View Code? Open in Web Editor NEW

This project forked from bayshorenetworks/yextend

0.0 2.0 0.0 94.66 MB

Yara integrated software to handle archive file data.

License: BSD 3-Clause "New" or "Revised" License

Makefile 1.49% Shell 0.24% C++ 48.78% M4 1.02% C 38.41% Python 7.28% JavaScript 2.70% ASP 0.07%

yextend's Introduction

yextend

Yara integrated software to handle archive file data.

yextend was written for the sake of augmenting yara. yara by itself is great but we realized that it could not natively handle archived content in the granular way that we needed it to. For instance, if we were hunting for malware and it happened to be buried a few levels into archived content, yara in its native form could not help us. So what we have done is natively handle the inflation of archived content. And we pass the inflated content of each discovered resource to yara so that it can work its magic natively on one file's payload. Then yara does what it does quite well in terms of pattern matching and such based on a given set of rules.

Notes:

  • (08/30/2016) yextend version 1.5

    • native parsing for PDF documents such that the Yara rulesets are now running against:
      • the target PDF's binary data set
      • the raw text (extracted out of the binary data set) from the target PDF
    • file type detection has been re-written so that it is now performed against a Yara ruleset
    • added some initial debug code (based on bool flag)
    • more test files added
    • nose based unit tests added
    • yextend is now licensed via the BSD (3-clause) license
  • (03/18/2016) yextend version 1.4 - output enhancements and runtime helper prog

    • output now includes the offset and string definition identifier for every hit reported by Yara
    • output now includes the name of the Yara ruleset file at hand
    • initial release of run_yextend prog
  • (10/24/2015) yextend version 1.3 will only work with yara 3.4.
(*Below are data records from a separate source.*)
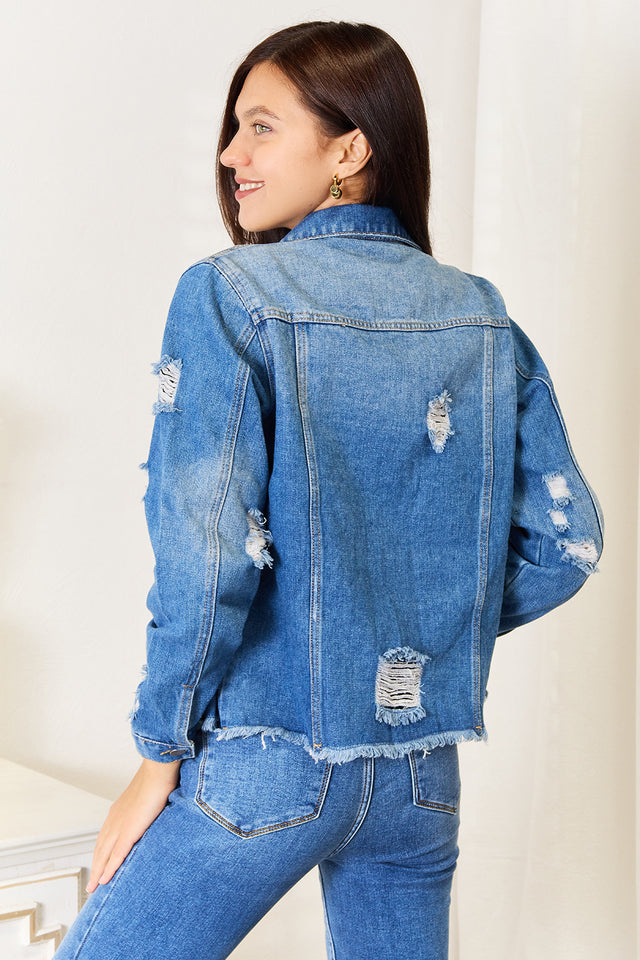Woman wearing a blue denim jacket and jeans against a white background
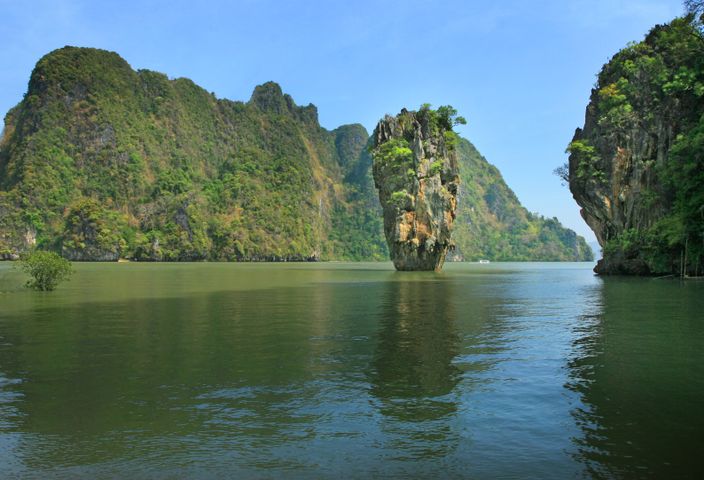 Tranquil view of James Bond Island in Thailand showcasing towering limestone cliffs and serene waters.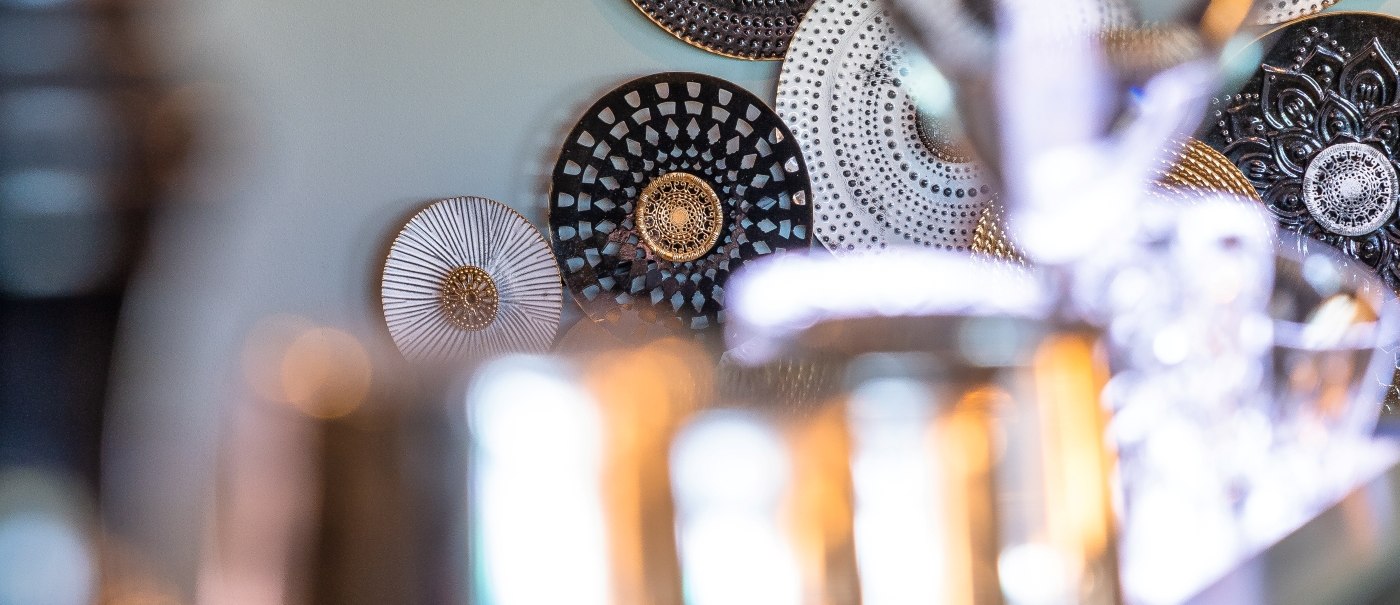 Dekorative Teller in Gold, Schwarz und Weiß an einer Wand. Unscharfe Barutensilien im Vordergrund., © MASEVEN Stuttgart SI-Centrum Dekorative Teller in Gold, Schwarz und Weiß an einer Wand. Unscharfe Barutensilien im Vordergrund., © MASEVEN Stuttgart SI-Centrum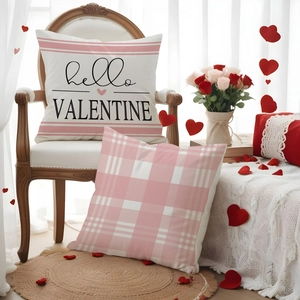 Linen Valentine pillow cover featuring pink stripes and hello VALENTINE text on wood chair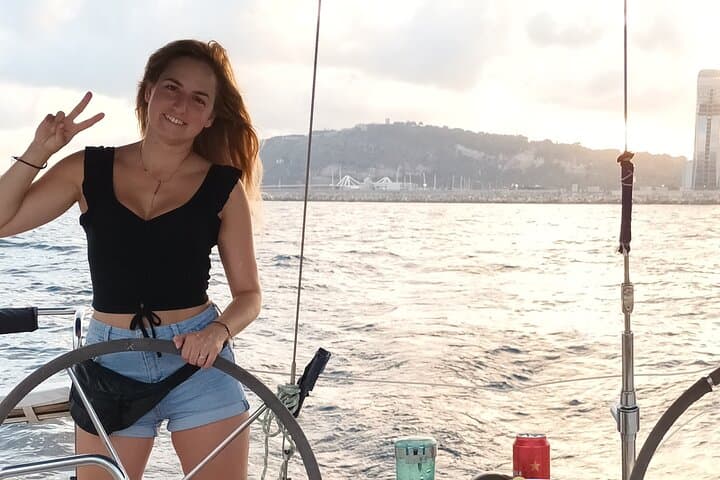 Sunset on a Sailboat along the Coast of Barcelona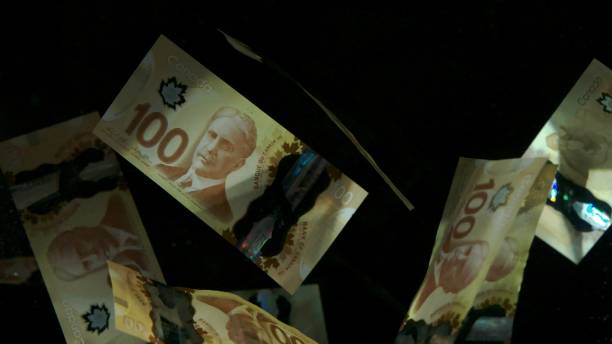 istock Falling flying american canadian dollar banknotes on a black background. High quality falling Dollar banknotes 1217641342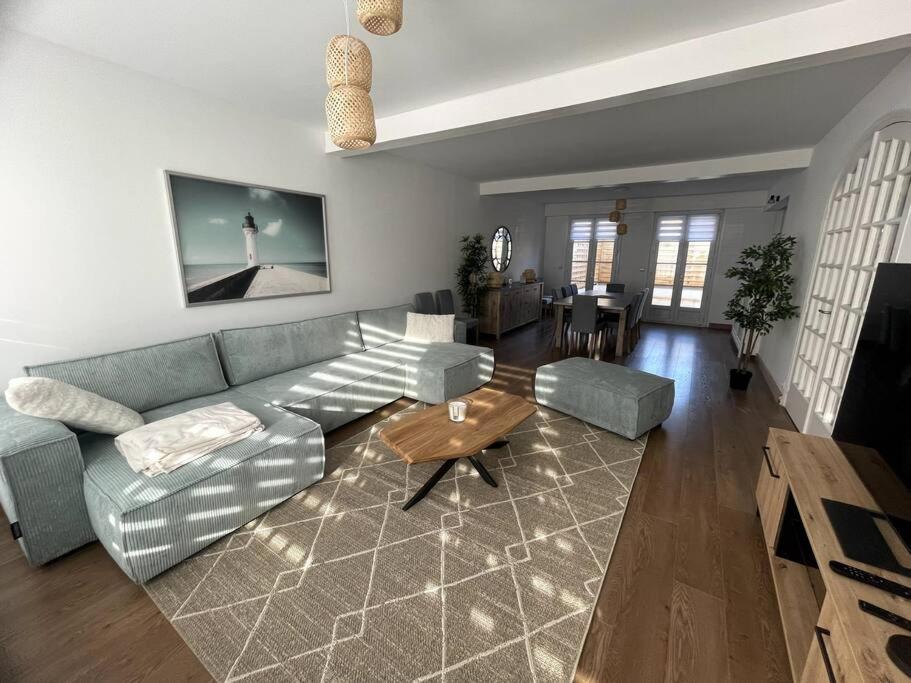 un salon avec un canapé et une table dans l'établissement Belle maison de plage pour familles, à Dunkerque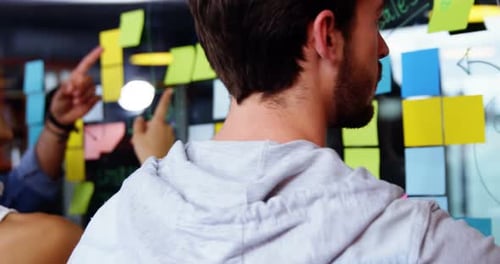 Creative Team Collaborates on Project in Modern Office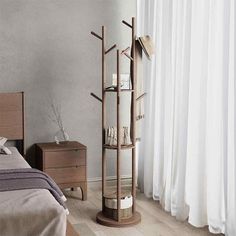 a bed room with a neatly made bed and a tall wooden shelf next to the window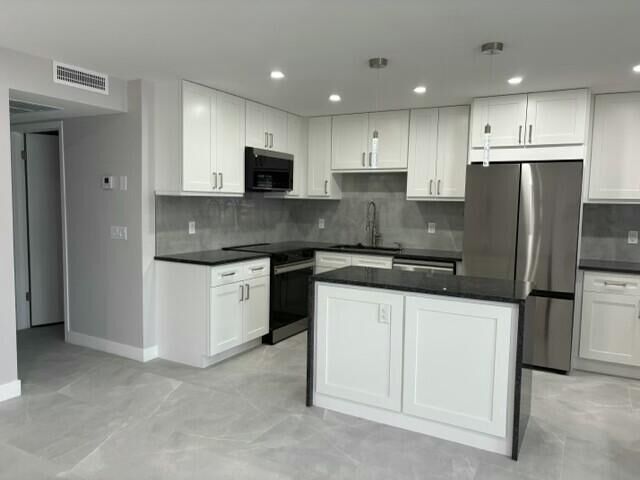 Property Photo:  1064 Exeter D  FL 33434 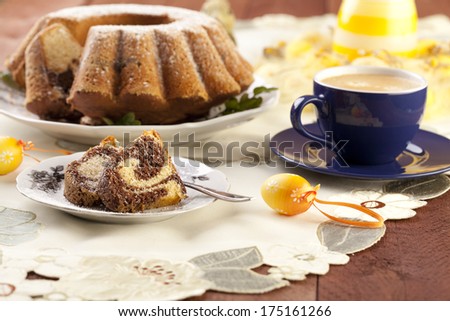 Easter marble ring cake with a cap of coffee - focus on a piece of cake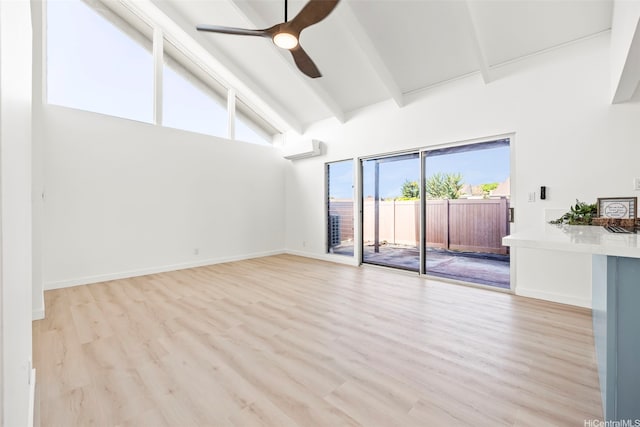 94-431 Keaoopua St Unit 104, Mililani, HI 96789 - unfurnished room with high vaulted ceiling, ceiling fan, beam ceiling, light wood-type flooring, and an AC wall unit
    • if your rules have data in the 'meta' section they will now show up in the output, take a look at 'RULEWITHMETA' below and you will see an example of such output
  • (05/28/2015) yextend version 1.2 will only work with yara 3.3 and above

  • This software was written and tested on Linux (both Fedora and Debian). Ports to other platforms are currently TBD.

  • If a dir (and not a file) is passed in then this version will process all of the files at that top level. Subdirectories are not processed yet.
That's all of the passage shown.